The Maria Taylor Interview: "I Married A Republican" And Other Stories From The Deep South
2013 has a late contender for album of the year, Saddlecreek’s much loved Queen of Melody Maria Taylor is releasing her thirteenth or fourteenth album (“I’m really not sure how many I’ve done”) Something About Knowing on October 29th, and it is a gloriously melodic and joyful set of tracks, opening and closing with lullabies for the new love of her life, Miles Taylor Dwyer, Maria’s 18 month old son.
AT CMJ’s Press And Artist conclave, the exceptionally sweet Maria carries her position as an indie star of the first order without an ounce of ego as she sips on a glass of a white wine to tide her through to that evening’s set at Sullivan Hall. “The last song on the record “Lullaby for you” I wrote just singing, rocking my son to sleep and you know I didn’t even notice, I just sing to him all the time and I didn’t realize I was singing the same thing every night and then I though wait a minute I’m writing a song. And yeah, it is the most natural thing ever, I didn’t even know I was doing it like weeks later. Because I was like deliriously tired and I though wait a minute, I’ve been singing the same melody and then I thought about it and finished the song.”
If ever there was a great representative for the joys of motherhood, that woman would be Maria.

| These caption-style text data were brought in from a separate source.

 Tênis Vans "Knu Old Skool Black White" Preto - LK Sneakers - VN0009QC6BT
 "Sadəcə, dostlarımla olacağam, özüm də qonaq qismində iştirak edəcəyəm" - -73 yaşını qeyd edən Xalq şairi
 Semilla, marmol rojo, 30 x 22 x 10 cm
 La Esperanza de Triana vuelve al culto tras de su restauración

It is not that she lights up when we discuss her son, it is that she seems lit from within; there is a real pleasure in talking to her, and indeed listening to the music of someone who is happy and can share her feelings. “It’s just amazing, I never realized how much I was gonna love being a mom. It came as a surprise and I was kinda terrified. It’s amazing and it’s harder to write because my attention span… I have to do all these things and I can’t just shut myself away for days and time and really focus. SO I had to learn how to write in small increments and return to my train of thought. But I do think there’s something about this record. But it’s hard too, it took me so long to finish it.
“When it was done I didn’t know if it was good or not, I mean I know I felt like I’d accomplished something but I didn’t know, I couldn’t even tell, I had to play it for people and be like ‘is it good or not, I can’t even tell’. The process as to how it was made was so different then how I’ve done it before that I didn’t even know what I had. I think it’s probably my favorite.”

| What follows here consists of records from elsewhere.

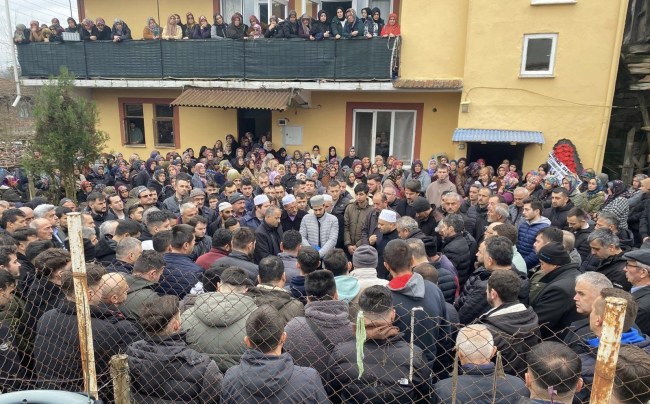 Eroğlu son yolculuğuna uğurlandı.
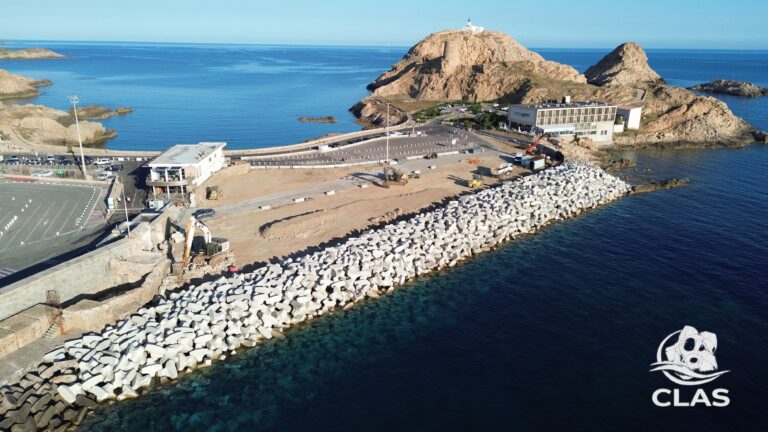 Vue aérienne de la digue en blocs BS1 achevée à L’Île-Rousse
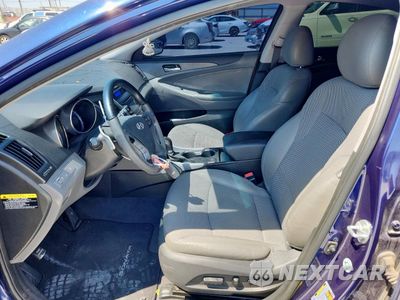 Zdjęcie 7 z 12 samochodu: 2013 HYUNDAI SONATA SE VIN:5NPEC4AC2DH514020 - miniatura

I would tend to agree with Maria. Born in 1976 in Birmingham, Alabama, Maria was raised on her father’s Beatles albums. “I love the Beatles. Growing up my Dad was a huge Beatles fan so even before I could talk I was constantly hearing Beatles songs and their melodies are incredible. I think that’s where I get the way I structure songs, my pop sense, melodies and just like hooks when it comes to melody and words, just musical hooks. I feel like I get it a lot from the Beatles.
“How do you not like the Beatles? I’ve heard people say that before. I’ve wanted to smack em but there are people. I’ve just heard the new Paul McCartney single on the radio but I loved it.”

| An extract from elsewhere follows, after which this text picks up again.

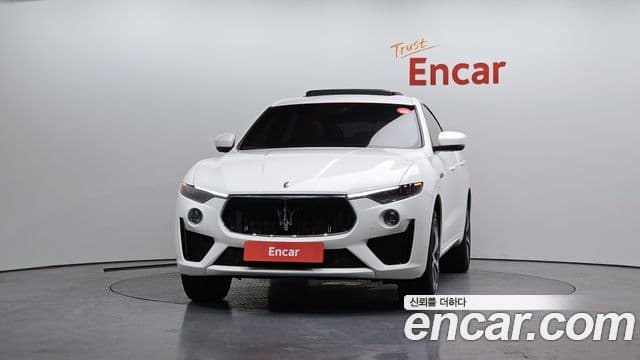 Maserati Levante 3.8 GTS AWD, 2020 3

How do you know not like Maria Taylor? There are simple rules to this rock writing and rule # 2 clearly states that you are not allowed to be mean to Maria Taylor. I don’t know if maternity has softened her, or if I just caught her in a good mood, but believe me, she is a very nice woman and it is easy to like her because it is not possible to dislike a songwriter who breathes melody. Unless you are Pitchfork, of course. This is what the planks had to say about Maria’s excellent 11:11 “Taylor’s strengths and weaknesses are completely exposed on the album, most notably her tendency to focus on melody and allow the instrumentation to mire in the background.” Focus on melody a weakness? I think Pitchfork are precocious self important jackasses, their interviews pale in comparison to Rolling Stone, they have writers who can’t write and when they do write rewrite PR hand outs, plus, how don’t you love Maria Taylor? What are you, the Anti-Christ or something?
Maria says: “I hate Pitchfork and they hate me. They stopped acknowledging that I exist. They used to just write negative things and they’d write things like ‘this person came out to a Maria Taylor show for some reason, he must have been bored’ Comments like that. And now for the past three or four years they just pass on everything.
“My friend Orenda Fink (of Azure Ray), she got a review from Pitchfork and it really upset her and we were living in L.A. together and she called me, ‘I am just really bummed, I just put my heart into this and I’m really upset’. She was super upset so I went over to her house and I said ‘Orenda, first of all let me look the person up’ so I looked him up. He was like 20 years old, this is just this one guy look at him, do you care what he thinks? She said ‘yeah but every one reads that’.”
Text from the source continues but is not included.